I just dont understand how you get there.

Thank-you!
Hi
Sorry to bug you again. It's about simualtaneous equations again. The question is:

Solve the simualtaneous equations

x^2 - 4y^2 = 24
x + 2y = 6

When I posted this b4 I didnt understand how number like 36 and 12y^2 were obtained, so could you explain please?

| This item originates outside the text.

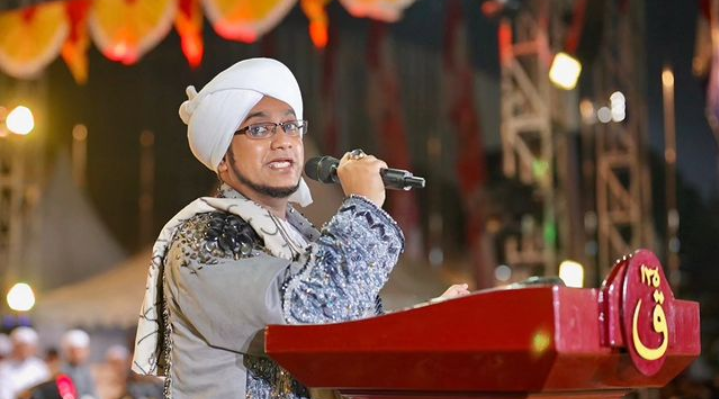 Breaking News! Habib Hassan bin Jafar Assegaf Meninggal Dunia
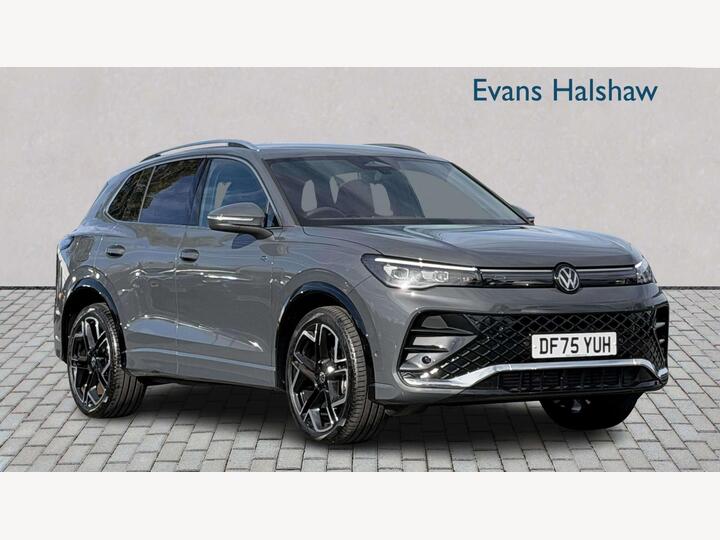 Volkswagen Tiguan 1.5 ETSI MHEV R-Line DSG Euro 6 (s/s) 5dr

BTW, I know the answers are
x = 5
y = 0.5

I just dont understand how you get there.

Thank-you!

Read my solution on the second page of your other post. If things still aren't clear, ask again for help.
Hi
Sorry to bug you again. It's about simualtaneous equations again. The question is:

Solve the simualtaneous equations

x^2 - 4y^2 = 24
x + 2y = 6

When I posted this b4 I didnt understand how number like 36 and 12y^2 were obtained, so could you explain please?

BTW, I know the answers are
x = 5
y = 0.5

I just dont understand how you get there.

Thank-you!

You know that x+2y=6 therefor x=6-2y sub into x^2-4y^2=24 to get

(6-2y)^2-4y^2=24

expand to get:

36-24y+4y^2-4y^2-24=0

12-24Y=0 therefore Y=0.5, sub Y=0.5 into x+2y=6 therefore X=5.
(1) x^2 - 4y^2 = 24
(2) x + 2y = 6

x = 6 - 2y

so into equation (1)

(6 - 2y)^2 - 4y^2 = 24
(36 - 24y +4y^2) - 4y^2 = 24

get together all the terms

36 - 24y = 24 ==>(the +4y^2 and -4y^2 cancel out)

so -24y = 24 - 36 = -12
so 24y = 12
therefore y 0.5

put y = 0.5 into (2) x + (2*0.5) = 6
x + 1 = 6
so x = 5

x = 5
y = 0.5
Are you sure you get simultaneous equations that are quadratic? I thought at GCSE level they where linear equations?
Bhaal85
Are you sure you get simultaneous equations that are quadratic? I thought at GCSE level they where linear equations?

These Simultaneous Equations are AS Level Pure 1..
bono
These Simultaneous Equations are AS Level Pure 1..

That is what I thought, but the thread starter said they had a GCSE mock, surely this wont be on it?
Bhaal85
That is what I thought, but the thread starter said they had a GCSE mock, surely this wont be on it?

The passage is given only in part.